Suppose in the year 3,000 -- and assuming, which is a far-fetched assumption, that there are no Georgists then -- some scientists, delving into the records of our civilization, (which shall have been "lost" by that time), should fall upon the reports of Dr. I. S. Falk and Dr. N. D. M. Hirach on the mental health of our nation. These reports were delivered last month before the American Association for the Advancement of Science, holding its sessions at Richmond, Virginia.

The reports would reveal to these scientists that 6n any average day (in 1989) nearly 3,000,000 Americans (one of every forty-three men, women and children) were temporarily or permanently disabled by mental disorders. The scientists would further learn that approximately 14,500,000 of us were mentally and emotionally defective or diseased.

Further statistics: We spent more than three-fourths of a billion dollars just for maintenance of these individuals; the total unemployability cost was three billion dollars a year. The mental deviates were responsible for half our crime. They accounted for a large proportion of our prostitution, with its consequent 3,000,000 cases of venereal diseases annually. To them were traced from 25,000 to 50,000 cases of suicide a year. They were responsible for our excessive alcoholism and drug addiction.

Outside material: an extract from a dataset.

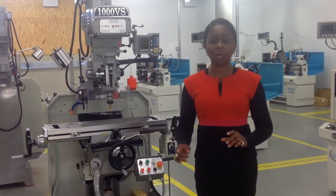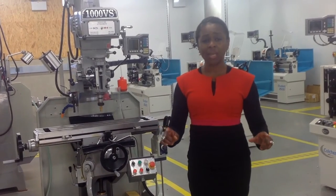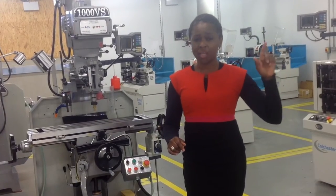Our students are just about to embark on a very new project where they're going to be designing and building their own skateboards, and hopefully they'll be racing them at the level in Brighton very soon.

Perhaps these research workers in the thirtieth century will find a copy of the report of Dr. Gamey, of Columbia University, and Dr. James Page, of the University of Rochester, in which they would read: "Some variety of mental disease is present among 1.5 per cent of the adult population today. Sooner or later mental disease will incapacitate, for a time, 10 per cent of the population."

Maybe the report of Dr. Benjamin Malzberg, of the New York State Department of Mental Hygiene, might stimulate their thoughts along economic lines. That is, if their understanding of our word "depression" is as keen as it was in 1939. For Dr. Malzberg blamed the depression for an increase in dementia praecox cases; in 1929 the number of these patients admitted to institutions was 3.5 per cent of the total admission, while in 1934, alter five years of depression, the number increased to 11 per cent.

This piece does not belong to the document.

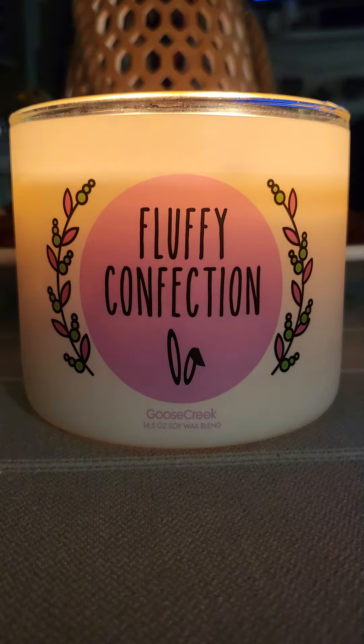Upon looking at this candle's description, it does mention soft popcorn, but I'm not sure — maybe that popcorn is a little bit too soft. Overall, this candle has a really nice sweet appeal to it, but it falls just a little bit short.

Or, they might find food for economic thought in the statement of Dr. John W. Thompson, of Harvard University, that both mental and physical work appear to be wearing down the nerves of those who work too hard.

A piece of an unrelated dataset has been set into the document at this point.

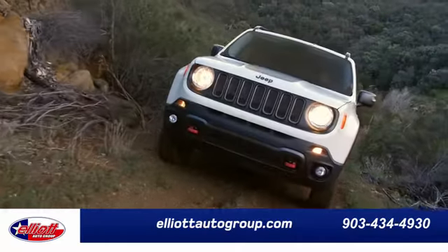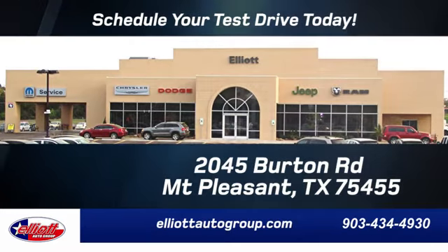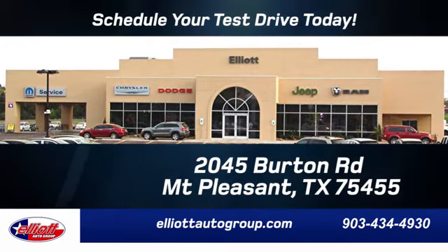Elliott Auto Group. We don't do things the old way, we do them the right way. Schedule your test drive today. We're located just off I-30 on Burton Road in Mount Pleasant.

The finding and study of these reports in 3000 A.D. would probably be hailed as a great discovery. And if they also ran across any record of the moving picture "Mr. Deeds Goes To Town," in which the marvelous semantic "pixilated" is so pointedly used, they will arrive at a most profound conclusion. Namely, that this civilization disappeared because it was pixilated.

Perhaps their deduction will be correct. But, if in the year 3,000 our system of land tenure prevails, and those who support the places of learning then, as now, are interested in the status quo, there will be no effort made to ascertain the cause of our pixilation. Present day scientists (unless they have economic convictions which they deem advisable to hold private) do not go beyond the facts for the cause. Why should we expect their successors to do so?